• **Work to complete**: Please reproduce exactly, and only, the lines from the one with "蔚鲜来佛跳墙金浓汤汁酱250g高汤浓缩鲍鱼干贝拌面捞饭调味料鸡汤 实拍图" through the last line of the listing below, both ends included, leaving out the pictures.

• **Given information**:
%%
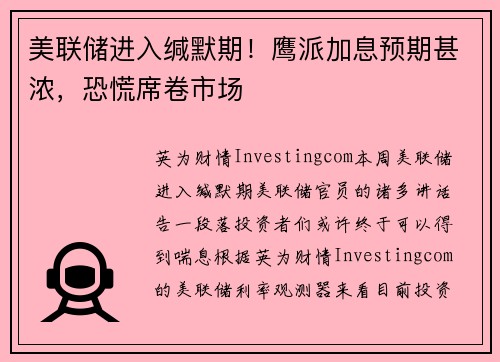 美联储进入缄默期！鹰派加息预期甚浓，恐慌席卷市场 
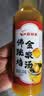 蔚鲜来佛跳墙金浓汤汁酱250g高汤浓缩鲍鱼干贝拌面捞饭调味料鸡汤 实拍图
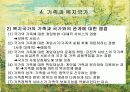 가족복지 13페이지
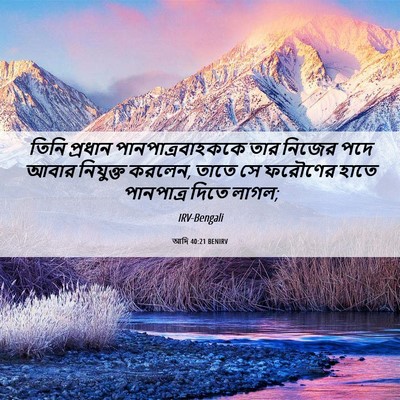 Picture 06 - আদি 40:21 BENIRV - তিনি প্রধান - Bible Verse Picture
%%
• **Result below**:
 蔚鲜来佛跳墙金浓汤汁酱250g高汤浓缩鲍鱼干贝拌面捞饭调味料鸡汤 实拍图
 가족복지 13페이지
 Picture 06 - আদি 40:21 BENIRV - তিনি প্রধান - Bible Verse Picture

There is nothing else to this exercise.